When quick-service restaurants started to add avocados to their menus, the avocado industry marked it as a milestone for their marketing efforts.

Now, avocados are central to restaurants’ own marketing campaigns.

That’s a huge step for avocado consumption, and something of a barometer for the fruit’s success in foodservice, said Rob Wedin, vice president of sales and marketing for Santa Paula, Calif.-based Calavo Growers Inc.

“Subway’s commercial starts out saying, ‘It’s avocado season,’” Wedin said. “That’s a big step.”

Indeed, avocados aren’t just for guacamole anymore, Wedin and other marketers say.

The fruit now is central to numerous restaurant offerings in various foodservice formats, they say.

“Foodservice is actually thriving with avocados,” said David Fausset, salesman and category manager with Oxnard, Calif.-based Mission Produce Inc.

Mexican restaurants such as Chipotle — which has about 1,600 units across the U.S. — continue to be key drivers for avocado sales in the foodservice sector.

But, others have jumped onboard, too, Fausset said.

“These restaurants are thriving and promoting avocados in their marketing campaigns, in which their commercials are giving the category high visibility,” he said.

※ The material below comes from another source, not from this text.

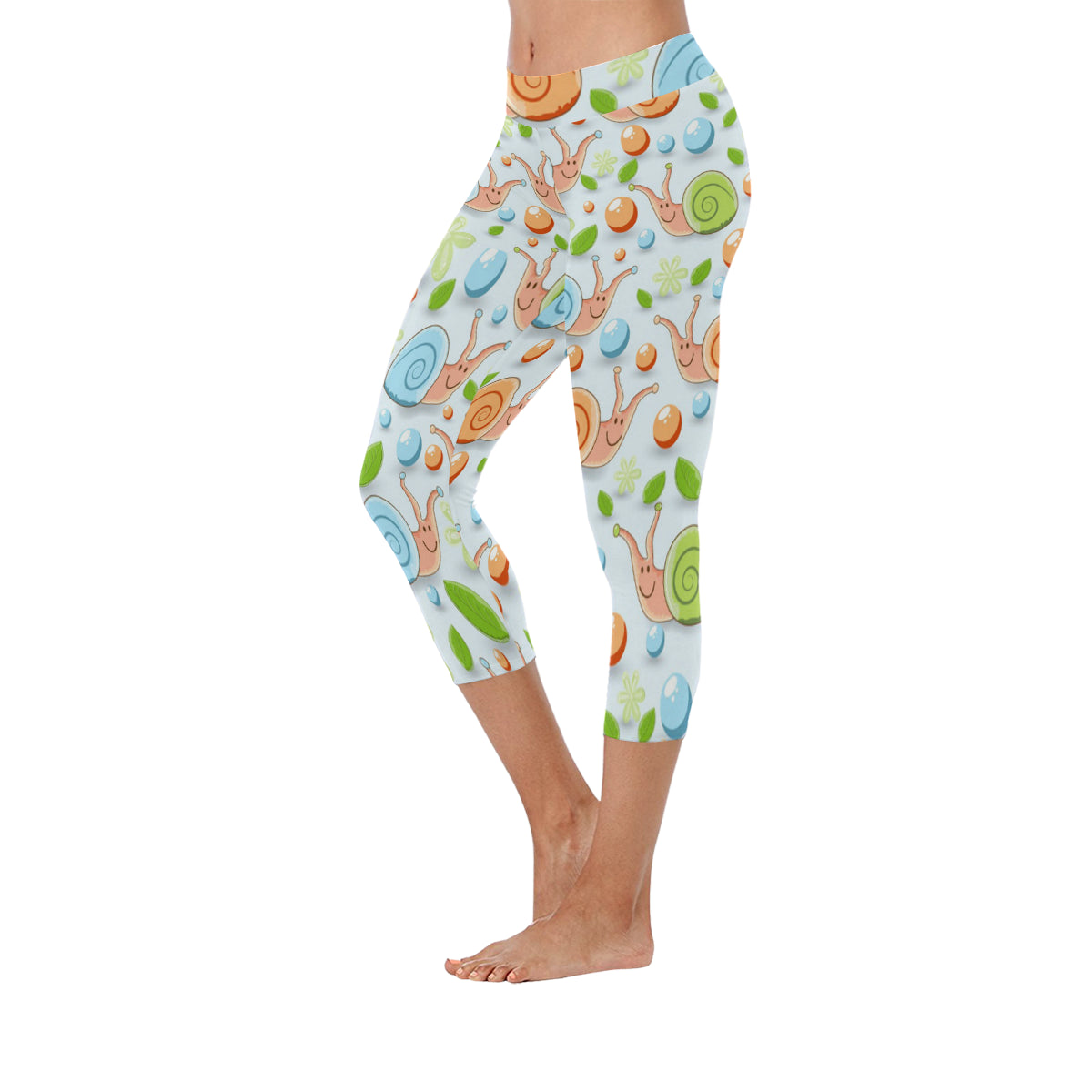 Snails Pattern Women's Low Rise Capri Leggings (Invisible Stitch)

Jose Rossignoli, category general manager for the Robinson Fresh division of Eden Prairie, Minn.-based C.H. Robinson Worldwide Inc. said avocados, unlike most fruits, are only eaten on their own 16% of the time, “making them an excellent option for a healthy addition to an otherwise staple menu item, such as a hamburger, sandwich, or salad.”

Part of a sustained growth pattern in foodservice promotions can be attributed to avocados’ versatility, Rossignoli said.

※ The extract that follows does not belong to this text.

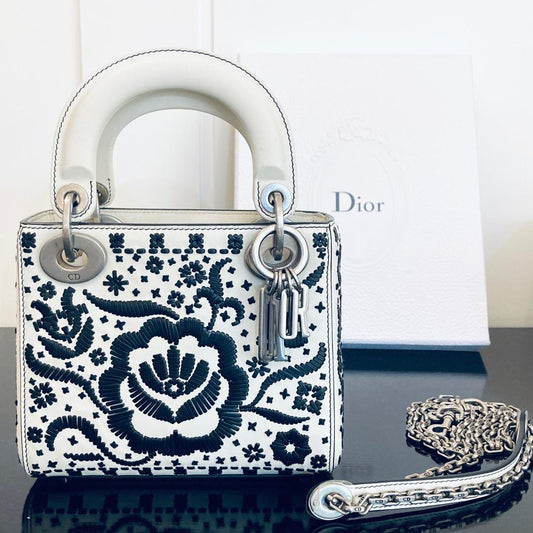 Lady Dior limited edition mini embroidered black and white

“There are so many ways to utilize the fruit for a variety of different purposes, like a nutritional alternative to butter or mayonnaise or a creamy salad topping,” he said.

In short, times have changed for avocados in foodservice, Wedin said.

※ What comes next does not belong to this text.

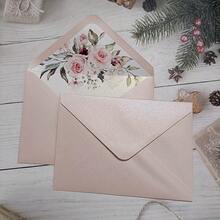 10 件装浅粉色矩形信封，内衬花朵，用于婚礼请柬 - 彩色 - 查看 5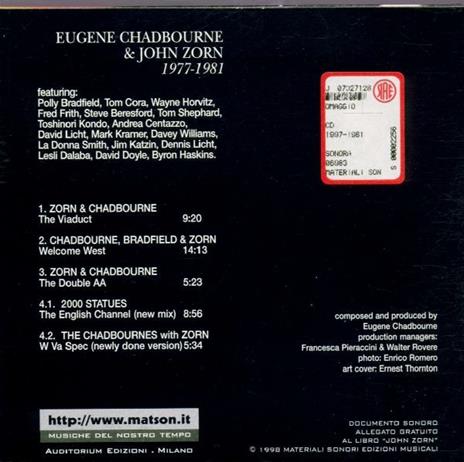 Sonora 1977-1981 - CD Audio di John Zorn - 2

“In the early days, so to speak, the Mexican restaurants had a lot to do with kind of originating some of the early demand for avocados,” he said.

Now, the fruit is finding its way into an array of sandwiches, sushi, pizza and other creations, Wedin said.

“Now, a lot of your chains like Chili’s are doing a great job with avocados, so that share of the restaurant business has changed a lot,” Wedin said.

Avocados sell even though they’re often available only at an extra charge, marketers note.

“What I think it shows is that having avocados on your menu is a great add-on that increases the overall value of the meal and also improves the experience of the customer,” said Dana Thomas, president of Riverside, Calif.-based grower-shipper Index Fresh Inc.

According to information provided by Datassential Insider in mid-July, avocado usage in restaurants has shown year-on-year increases in numerous areas, including 18% in sandwiches, 32% in hamburgers, 22% in pizzas and 15% in egg dishes.

“Avocado usage is soaring in foodservice,” said Jan DeLyser, vice president of marketing for the Irvine-based California Avocado Commission.

The commission has a program that encourages foodservice operators to include avocados on their menus with promotional support and menu “ideation,” DeLyser said.

“As a result, avocado menu mentions have been growing at an outstanding pace,” DeLyser said, noting that avocados were named “ingredient of the year” by Nancy Kruse at the 2014 Multi-Unit Foodservice Operator Conference.

That growth likely will continue unabated, said Bob Lucy, partner at Fallbrook, Calif.-based grower-shipper Del Rey Avocado Co. Inc.

“I think the foodservice market is going to continue to grow at a very steady pace,” he said.

Indeed, he said, the foodservice sector is an ideal outlet for smaller-sized fruit.

“In the old days, foodservice would take 40s and 48s, and there has been a trend of them taking 60s or 70s because of pricing,” he said. “It’s a broader spectrum, with more sizes going to foodservice, more flexibility driven by price.”